WHAT TO PRODUCE: Pictures stay out, but every line of the data is copied exactly.

INFORMATION SUPPLIED:
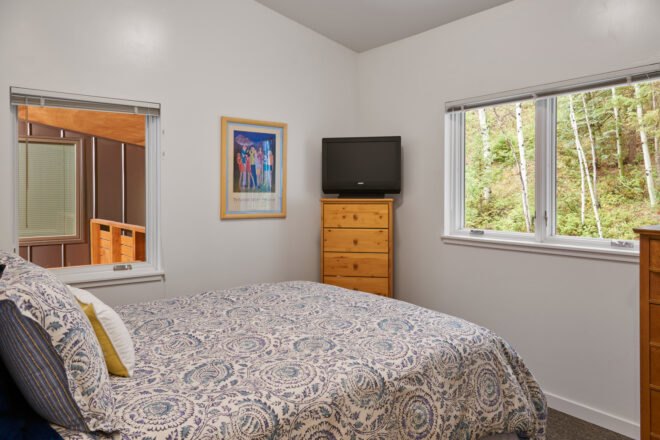 white room with large bed facing windows with views of mountains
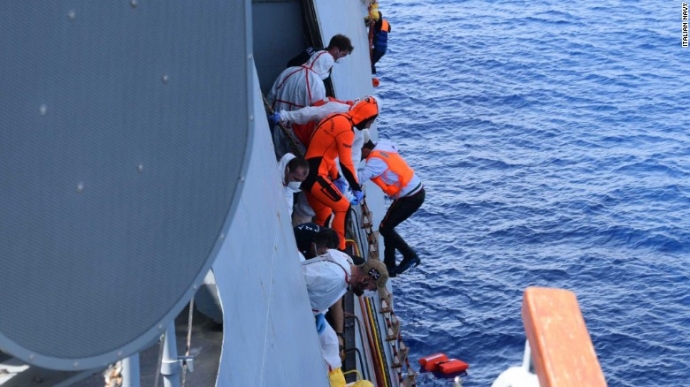 Người tị nạn bám vào thang dây để leo lên tàu hải 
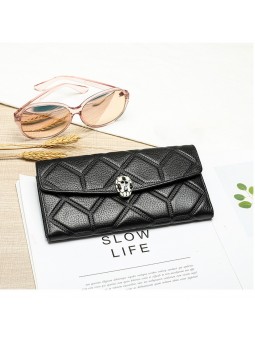 Black quilted-effect grained leather long wallet with flap and snakehead clasp. Two compartments with card slots.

WRITTEN RESPONSE:
 white room with large bed facing windows with views of mountains
 Người tị nạn bám vào thang dây để leo lên tàu hải 
 Black quilted-effect grained leather long wallet with flap and snakehead clasp. Two compartments with card slots.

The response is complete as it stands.